» **Your task**: Set out word for word the line that contains "MagnaFlow Conv DF" and each line after it, through the end of the data below, but exclude the pictures.

» **Listed entries**:

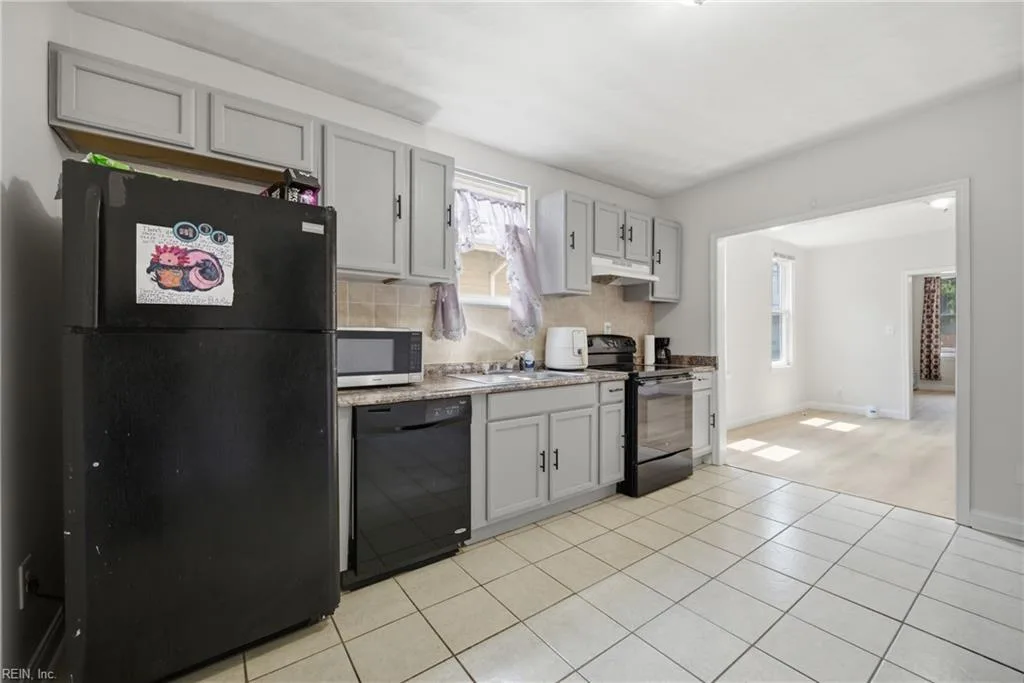 2424 West AVE, NORFOLK VA 23504 - Photo 4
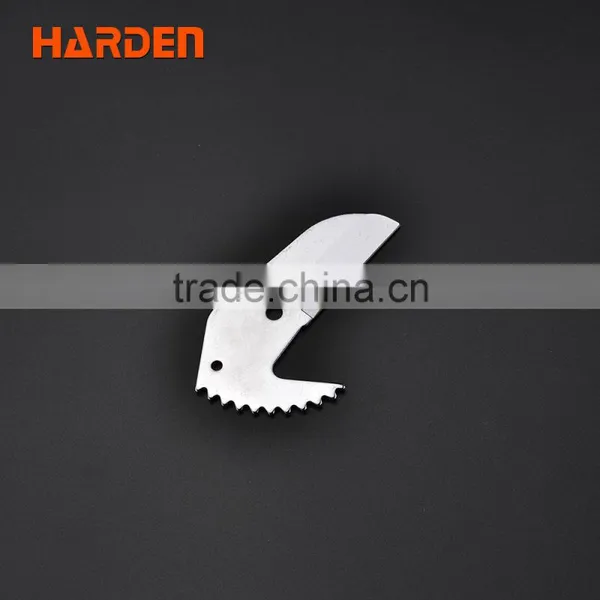 Professional 65Mn 42MM PVC Pipe Cutter Blades photo-4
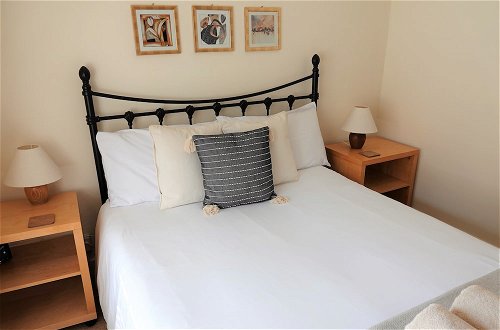 Photo 8 - Atholl Rd Self Catering - 131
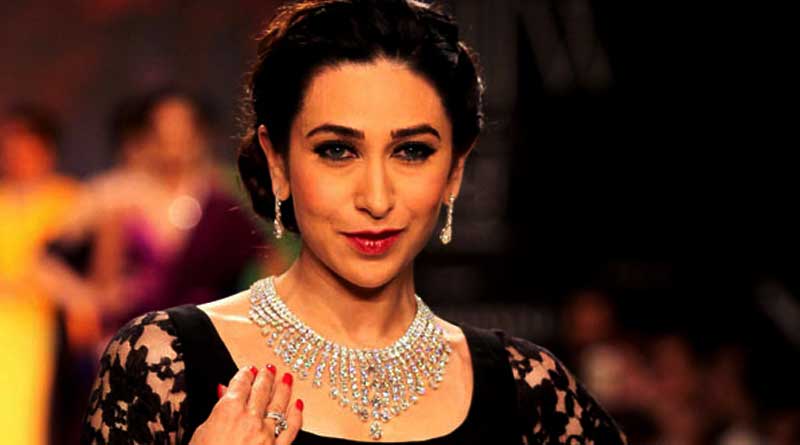Sunjay chapter closed, Karisma Kapoor to marry Sandeep Toshniwal!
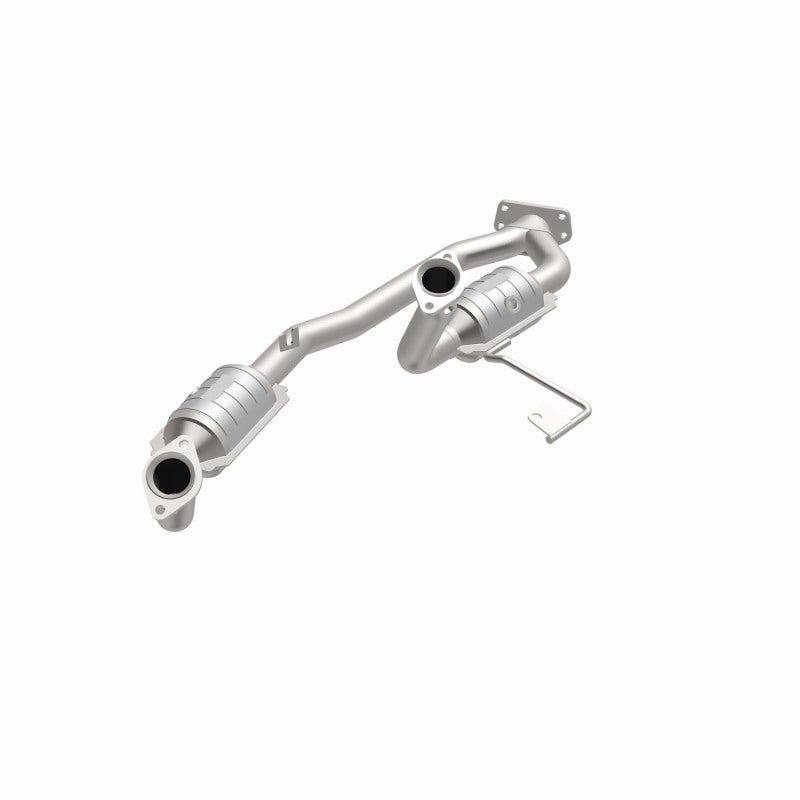 MagnaFlow Conv DF 01-03 Windstar 3.8 OEM Magnaflow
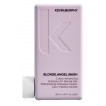 Kevin Murphy Blonde Angel Wash Colour Enhancing Shampoo For Blonde Hair 金髮提色洗髮露 250ml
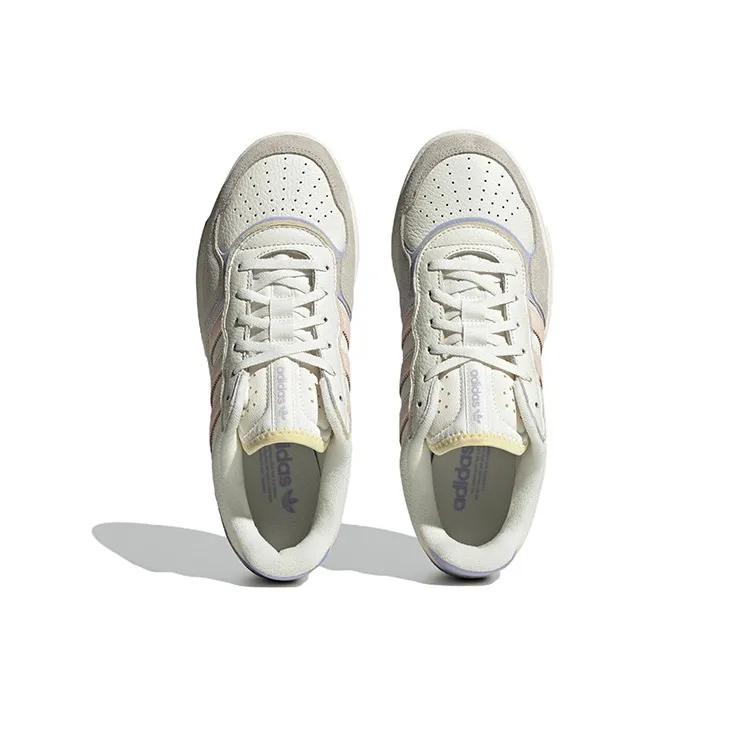Adidas Originals Courtic Women's-4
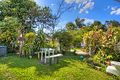 Property photo of 83 Jacaranda Street East Ipswich QLD 4305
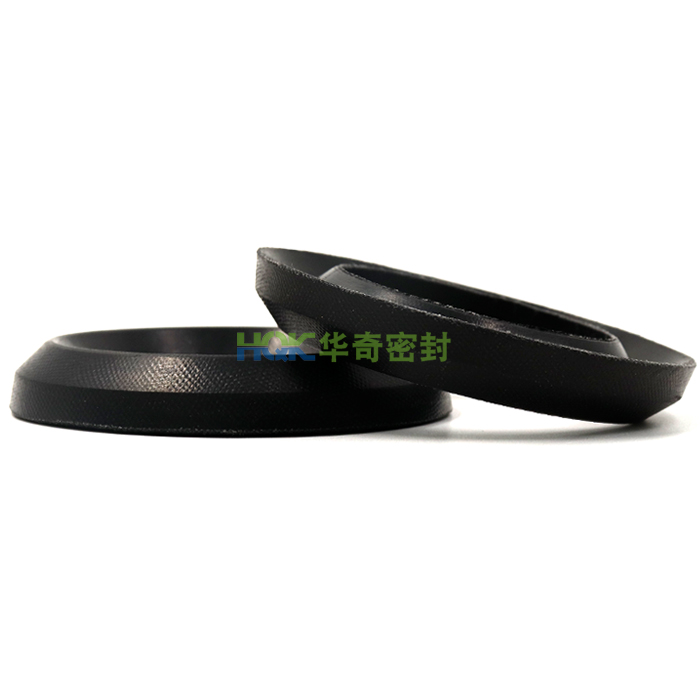 軸封和油封是同一種產(chǎn)品嗎？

» **Result of this task**:
 MagnaFlow Conv DF 01-03 Windstar 3.8 OEM Magnaflow
 Kevin Murphy Blonde Angel Wash Colour Enhancing Shampoo For Blonde Hair 金髮提色洗髮露 250ml
Adidas Originals Courtic Women's-4
 Property photo of 83 Jacaranda Street East Ipswich QLD 4305
 軸封和油封是同一種產(chǎn)品嗎？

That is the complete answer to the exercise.